4. Structure du réseau d’interaction et coopération des internautes.

Économistes et sociologues ont publié au début des années soixante un certain nombre de résultats théoriques qui suggéraient que l’adoption de comportements individuels de « passagers clandestins » viendrait empêcher la production de biens publics sur une base coopérative et auto-organisée.

Cependant, la prise en compte des effets émergents qui peuvent être associés à la dynamique des interactions sociales au sein d’organisations structurées comme dans des réseaux sociaux informels nous amène à penser qu’il est possible d’identifier plus précisément les conditions d’apparition d’incitation à la coopération.

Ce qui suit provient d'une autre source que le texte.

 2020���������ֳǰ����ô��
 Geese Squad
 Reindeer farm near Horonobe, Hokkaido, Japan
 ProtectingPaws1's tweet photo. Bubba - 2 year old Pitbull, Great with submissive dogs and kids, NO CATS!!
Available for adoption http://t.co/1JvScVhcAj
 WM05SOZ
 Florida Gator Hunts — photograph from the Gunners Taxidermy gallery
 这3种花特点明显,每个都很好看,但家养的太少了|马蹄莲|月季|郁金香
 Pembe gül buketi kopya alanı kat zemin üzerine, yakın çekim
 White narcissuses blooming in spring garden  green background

L’étude des réseaux sociaux vient alors compléter celle des motivations individuelles. Ce débat peut être rapproché d’un certain nombre de discussions autour d’une production complètement "décentralisée" à des formes d’organisations centralisées et/ou hiérarchisées. Ce débat est au centre de l’opposition entre la conception "télécommunications" (centralisée) et la conception "réseaux informatiques / Internet" (décentralisés) ; il s’agit encore des débats sur la production de logiciels selon le modèle du "bazar" opposé à celui de la "cathédrale" initié par Eric S. Raymond (http://www.epita.fr/ poinde_t/religion/cathedrale-bazar.html). On retrouve encore cette question derrière les formes d’architecture de management et d’échange d’information telles que système centralisé ou système Peer-to-peer. Des études en système Multi-agents ont montré que la structure agit de façon non neutre sur la qualité des échanges (May et Novack, Cohen, Masuda and Aihara). Donc l’organisation peut être un autre vecteur permettant d’agir sur la qualité d’un système d’échange.

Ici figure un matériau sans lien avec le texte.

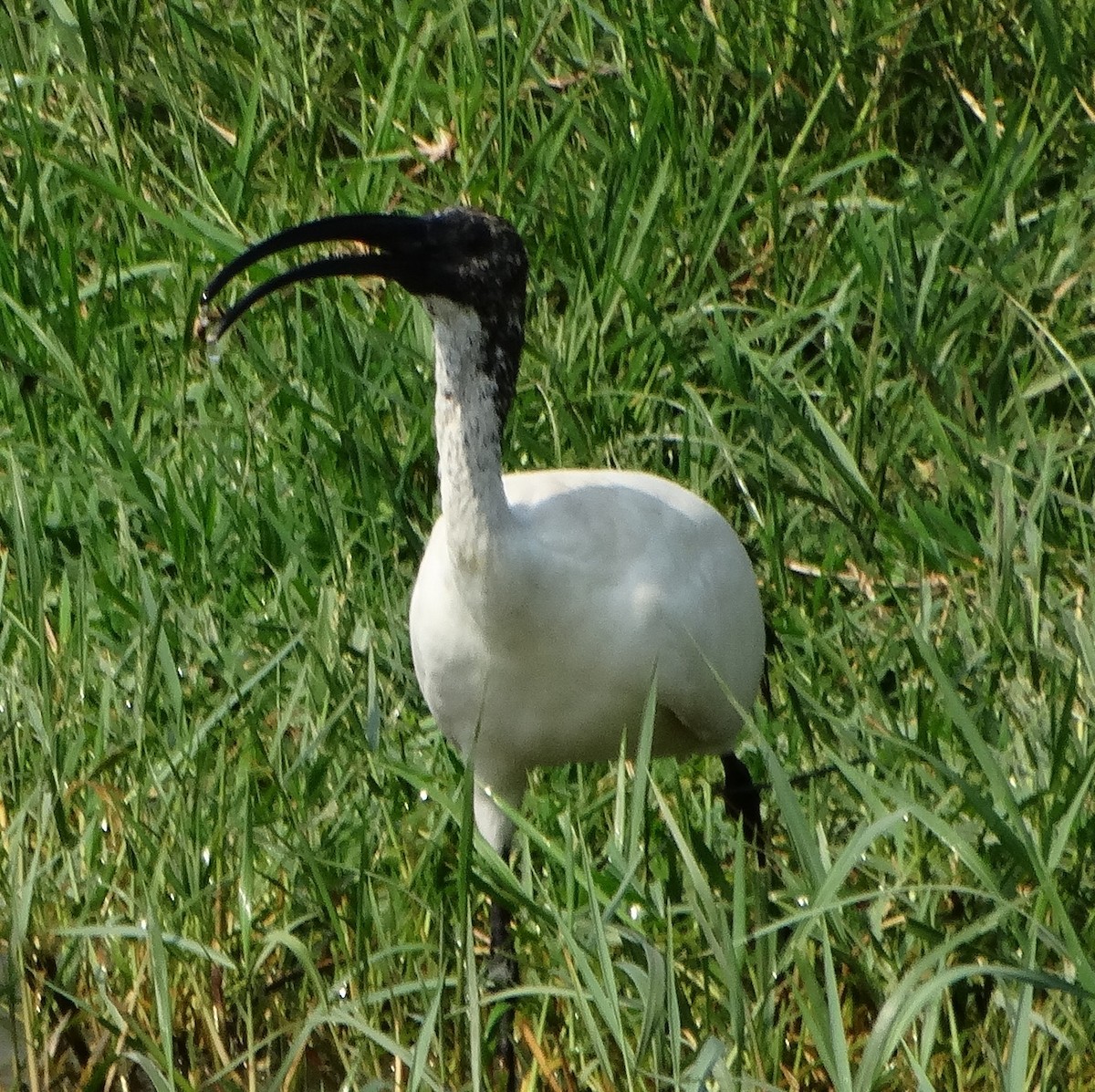 African Sacred Ibis - ML149457751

Comment l’échange d’information et la qualité de la coopération entre individus dépend elle de la structure du réseau ? Nous proposons dans cette étude de comparer trois structures qui semblent pertinentes par rapport aux systèmes réels existants : une structure en étoile (représentant un système centralisé), un réseau petit monde représentant une structure d’échanges communautaire P2P et enfin, une structure fixe et fortement connecté représentant un système type « intranet entreprise ». Pour chacun de ces systèmes, des hypothèses identiques seront faites quant à l’information disponible des agents et leurs modes opératoires.

Notes

[1Ainsi 78% des plaintes pour fraude sur Internet reçu par la National Consumer League aux Etast-Unis en 2000 étaient liées à des enchères en ligne (Hooser et Wooders, 2001).

[2Selon CNC Médiamétrie, les français téléchargeraient gratuitement et illégalement 1 million de films par jour, dont un tiers d’œuvres françaises.